I found the Deschuttes County Bicycle map and have been putting together some 80 + or - 10 mile routes from the map using Google and my Topo Software. I was wondering if there was a good route to ride that is primarily east of the Newberry Crater on paved Forest Service Roads. 

I've got quite a few options already mapped out for a group of us that will be riding there this june, but I came up with the following possibility that might work especially if one of our wives SAG's about halfway through.

Is the following route worthwhile for a road ride?

Start near Lost Tracks Golf Club on SE China Hat Rd and continue SSE on China Hat Rd.
Right on Pumice Butte Rd on the south end of the ride.
Right on N. Paulina Lake Rd.
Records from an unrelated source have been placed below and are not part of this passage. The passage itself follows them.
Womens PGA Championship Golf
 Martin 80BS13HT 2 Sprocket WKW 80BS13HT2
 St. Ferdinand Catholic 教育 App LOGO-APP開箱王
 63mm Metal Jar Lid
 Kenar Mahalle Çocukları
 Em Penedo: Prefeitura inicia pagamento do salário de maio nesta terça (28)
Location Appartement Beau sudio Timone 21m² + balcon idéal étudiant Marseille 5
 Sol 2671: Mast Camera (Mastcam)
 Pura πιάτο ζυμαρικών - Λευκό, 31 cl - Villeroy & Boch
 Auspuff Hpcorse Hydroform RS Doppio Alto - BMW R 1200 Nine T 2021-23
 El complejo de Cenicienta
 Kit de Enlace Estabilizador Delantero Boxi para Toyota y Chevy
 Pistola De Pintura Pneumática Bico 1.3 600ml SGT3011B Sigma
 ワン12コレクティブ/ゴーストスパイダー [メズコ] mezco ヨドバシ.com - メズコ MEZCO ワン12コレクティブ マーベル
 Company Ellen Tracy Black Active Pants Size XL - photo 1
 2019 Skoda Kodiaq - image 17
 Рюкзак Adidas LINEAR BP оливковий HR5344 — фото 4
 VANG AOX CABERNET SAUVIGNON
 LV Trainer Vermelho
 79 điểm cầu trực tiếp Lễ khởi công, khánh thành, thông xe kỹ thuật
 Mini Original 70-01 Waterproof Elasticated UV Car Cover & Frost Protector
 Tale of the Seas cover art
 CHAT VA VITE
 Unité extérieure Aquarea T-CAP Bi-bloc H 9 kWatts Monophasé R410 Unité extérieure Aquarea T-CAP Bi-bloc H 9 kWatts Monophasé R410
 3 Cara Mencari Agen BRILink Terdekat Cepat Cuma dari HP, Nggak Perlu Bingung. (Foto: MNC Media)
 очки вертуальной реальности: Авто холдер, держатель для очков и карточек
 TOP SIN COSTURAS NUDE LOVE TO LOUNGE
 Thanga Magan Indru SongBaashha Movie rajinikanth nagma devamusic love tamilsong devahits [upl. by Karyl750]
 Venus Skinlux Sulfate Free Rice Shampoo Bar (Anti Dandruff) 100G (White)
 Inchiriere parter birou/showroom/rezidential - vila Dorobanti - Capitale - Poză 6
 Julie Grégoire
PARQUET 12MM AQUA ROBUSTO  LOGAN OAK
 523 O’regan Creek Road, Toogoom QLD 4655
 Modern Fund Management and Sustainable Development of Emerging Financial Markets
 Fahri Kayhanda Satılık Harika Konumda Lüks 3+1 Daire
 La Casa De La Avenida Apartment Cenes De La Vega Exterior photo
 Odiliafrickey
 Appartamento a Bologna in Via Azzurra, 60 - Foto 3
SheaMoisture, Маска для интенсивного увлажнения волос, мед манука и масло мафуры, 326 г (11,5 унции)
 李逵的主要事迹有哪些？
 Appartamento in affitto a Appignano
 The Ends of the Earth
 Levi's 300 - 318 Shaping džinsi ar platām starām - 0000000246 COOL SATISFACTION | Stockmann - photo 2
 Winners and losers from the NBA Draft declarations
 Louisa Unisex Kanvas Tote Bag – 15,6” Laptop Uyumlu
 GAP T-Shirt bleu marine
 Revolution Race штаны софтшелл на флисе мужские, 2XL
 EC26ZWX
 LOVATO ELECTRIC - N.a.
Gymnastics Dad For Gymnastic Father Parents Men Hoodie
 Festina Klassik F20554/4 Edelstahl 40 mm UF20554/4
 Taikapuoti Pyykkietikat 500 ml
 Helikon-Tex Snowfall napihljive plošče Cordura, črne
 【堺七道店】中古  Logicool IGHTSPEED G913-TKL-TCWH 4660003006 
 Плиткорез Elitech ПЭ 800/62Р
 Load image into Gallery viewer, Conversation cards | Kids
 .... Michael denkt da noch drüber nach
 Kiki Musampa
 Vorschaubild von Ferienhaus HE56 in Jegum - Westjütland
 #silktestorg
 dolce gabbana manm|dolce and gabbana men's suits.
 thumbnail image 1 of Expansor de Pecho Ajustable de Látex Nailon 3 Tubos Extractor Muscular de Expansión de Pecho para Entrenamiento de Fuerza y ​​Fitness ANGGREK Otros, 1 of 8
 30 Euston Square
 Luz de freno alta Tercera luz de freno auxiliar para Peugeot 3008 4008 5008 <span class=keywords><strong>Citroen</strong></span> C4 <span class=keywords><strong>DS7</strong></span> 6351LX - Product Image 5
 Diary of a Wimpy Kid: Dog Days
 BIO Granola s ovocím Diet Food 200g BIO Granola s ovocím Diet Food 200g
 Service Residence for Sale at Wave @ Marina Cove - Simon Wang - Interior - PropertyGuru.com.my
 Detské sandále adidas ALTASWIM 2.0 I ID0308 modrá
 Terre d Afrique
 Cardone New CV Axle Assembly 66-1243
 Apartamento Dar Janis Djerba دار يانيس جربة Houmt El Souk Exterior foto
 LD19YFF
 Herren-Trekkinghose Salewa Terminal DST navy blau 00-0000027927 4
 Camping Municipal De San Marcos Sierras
According to Google Maps it looks like we should continueof Lave Cast Forrest Rd (SP?) back to the Golf Club.

Any feedback on this route? Is there a better option or better way to do something similar that is 70+ miles?

Thanks


----------



## b987654 (Aug 18, 2005)

*link*

http://www.co.deschutes.or.us/go/objectid/979A926B-BDBD-57C1-9A23DC62B9A79B49#bend





Spinnerman said:


> I found the Deschuttes County Bicycle map and have been putting together some 80 + or - 10 mile routes from the map using Google and my Topo Software. I was wondering if there was a good route to ride that is primarily east of the Newberry Crater on paved Forest Service Roads.
> 
> I've got quite a few options already mapped out for a group of us that will be riding there this june, but I came up with the following possibility that might work especially if one of our wives SAG's about halfway through.
> 
> ...


----------



## Spinnerman (Oct 21, 2004)

b987654 said:


> http://www.co.deschutes.or.us/go/objectid/979A926B-BDBD-57C1-9A23DC62B9A79B49#bend


Thanks. I've got the map you posted in the link. Unfortunately, it doesn't cover the route I was referring to, but it was very helpful in giving me ideas to put together about 8 route ideas so far.

RIch


----------